- Citizenship: Kenyan
- Occupations: Actor; Writer; Director;
- Years active: 2009–present
- Known for: The Marshal of Finland
- Notable work: Pray and Prey Shattered Mission to Rescue

= Gilbert Lukalia =

Kenyan actor and film director

Gilbert Lukalia is a Kenyan actor and film director.

==Career==
Lukalia grew up in a military family and began his early career as a stage actor at the Kenya National Theatre. He has also worked in multiple positions in the film industry: as an assistant director and producer He is currently working at the Nairobi based Dream House Productions, which produces theatre plays, music events, TV-series and films both for Tv and big screen

He has acted and directed award-winning feature films and TV series in Kenya including Mission to Rescue, Shattered, Pray and Prey, Lost in Africa and the First Grader.

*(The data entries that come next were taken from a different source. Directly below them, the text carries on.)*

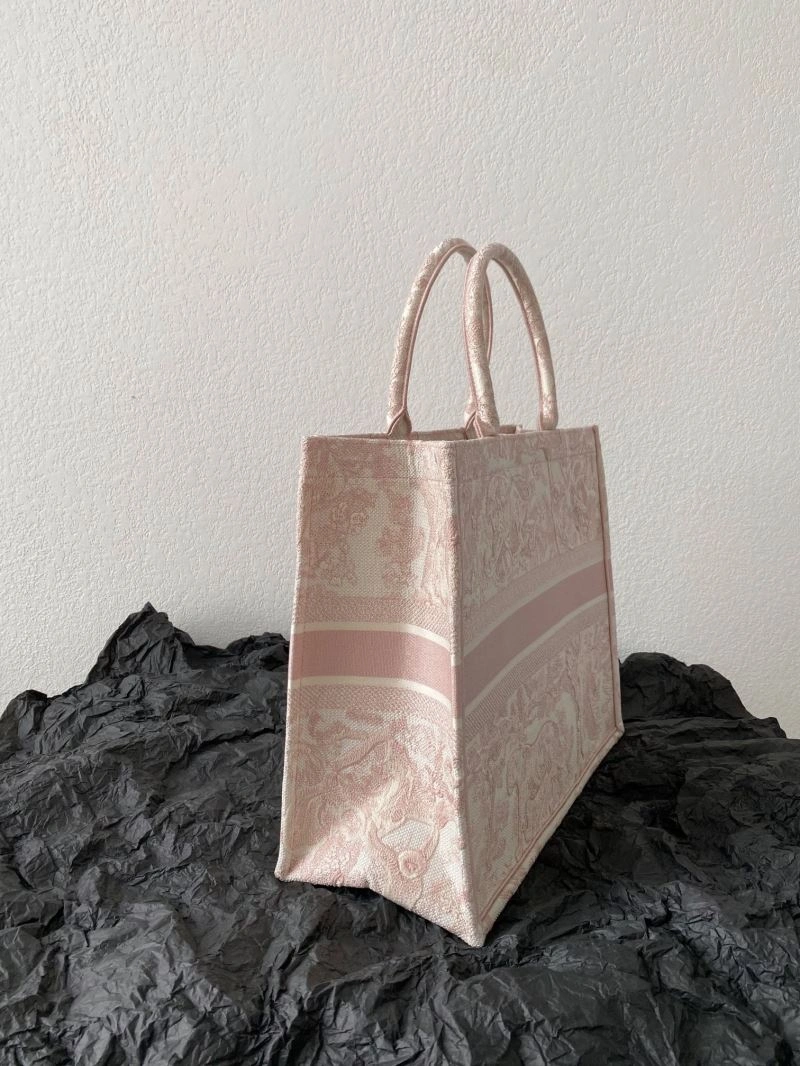 Minimalist Christian Dior Shopping Bags 75582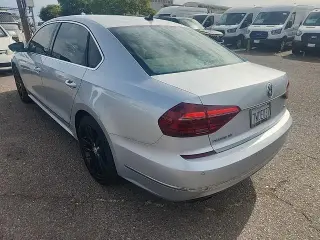 Volkswagen Passat 2017 1.8T SE 4dr Sedan w/Technology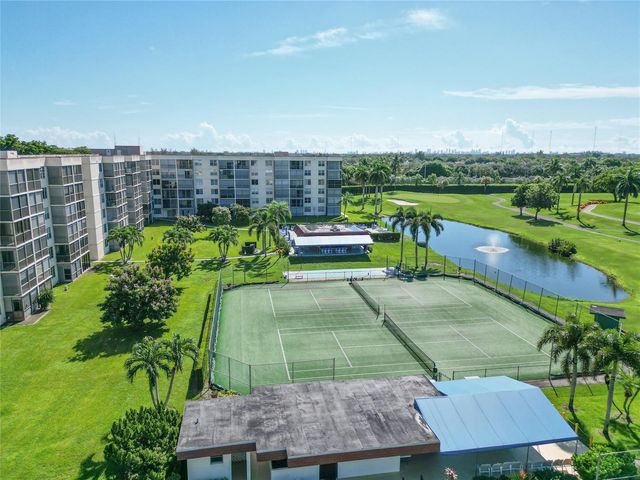 8900 Washington Boulevard 115, Pembroke Pines, FL 33025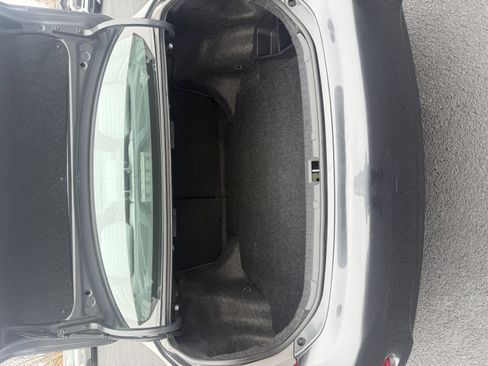 Used 2010 Toyota Corolla image 6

Mission to Rescue was in 2021 selected as Kenya's submission at the 94th Academy Awards in the Best International Feature Film category.

He has also directed some international films such as The Marshal of Finland. The film's world premiere was at The Helsinki International Love & Anarchy Film Festival on 28 September 2012.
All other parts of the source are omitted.